After all, global stadia specialist Populous has London’s Olympic Stadium and Wembley Stadium, in its brag book. Very recently it delivered the 62,000-capacity Tottenham Hotspurs arena in London which has a revolutionary retractable pitch.
But as the critical piece of infrastructure that has finally elevated Canberra to the status of international test cricket venue, the new Manuka Oval Media and Function Centre is of paramount local importance.
A forward-leaning facility that emphasises the viewpoint 15 metres above the pitch for television cameras and for up to 200 working media who will convene there for the big calendar matches, it is one of the three shortlisted contenders in the commercial category of the ACT’s annual Australian Institute of Architects awards that will be announced on June 15.

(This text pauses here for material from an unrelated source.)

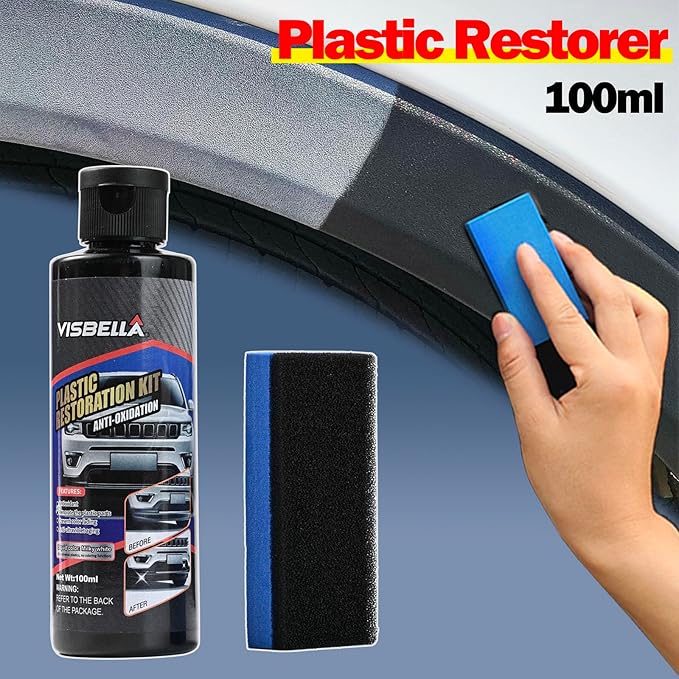AUTOXBERT 100ML Car Plastic Restorer Trim Revitalizer Restoration Renovator Longlasting Coating Vinyl Rubber for Automotive Exterior and Interior Trim Scratch Remover Kit Cleaning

As with the Northern Territory’s AIA chapter, Canberra’s premier architectural design competition is relatively modest, marshalling only about three dozen projects in the shortlist. But as the federal capital, Canberra also hands out briefs for large and iconic civic buildings and is otherwise a showcase for some of the best remaining mid-20th century houses in the country.
Relatively small though the new black box building is, the three-tiered “flexible facility” with the glazed cantilevers facing the ground, and the softer, semi-circular forms of the rear that are horizontally banded with anodized aluminium, was built, somewhat perversely, at the southern end of a ground that has been Canberra’s main cricket venue since the first match was played there in 1930.
In February of this year, and because it now has this state-of-the-art media centre, Manuka hosted Canberra’s inaugural test match between Australia and Sri Lanka.
The previous crowd-drawing cricket matches held at the Griffith arena had been the women’s and men’s Big Bash League contests and, of course, the regular Prime Minister’s X1 matches that, way back in 1985 when the PM’s X1 faced the West Indies, set the ground’s record attendance of 15.800 people.
In designing the Media Centre which has been instated so it can also operate as a function centre and in winter convert to corporate box mode for AFL and local football matches, Populous’ project lead, Belinda Goh, says the unusual positioning of the facility was proscribed by the rings of heritage trees around the oval, and by other constraints “that drove placing it at the southern end.
“Technically, and because of the sun, media centres are better located at the northern end”.
But the converse siting that in turn determined the in-stepping cantilevers and the elongated screen above them that moderates summer and winter sun “so it is not directly shining at the cameras or the press desks” does afford an interesting viewpoint for television viewers. “In AFL season, it’s a behind the goal experience”, says Goh.
The bifurcated character of the building with that screened and softened perimeter was done in deference to the three concentric circles of mature trees, “so that the layered edge responds to the (treed) nature of the outer ground.
“We thought it was very important to respond to that natural edge, while the field of play edge is much more streamlined, and slick, and black”.
The $14 million project wasn’t significant in the scheme of public infrastructure spends “but it is giving Canberra a big (sports) profile because it has kicked Canberra into the international field of play”.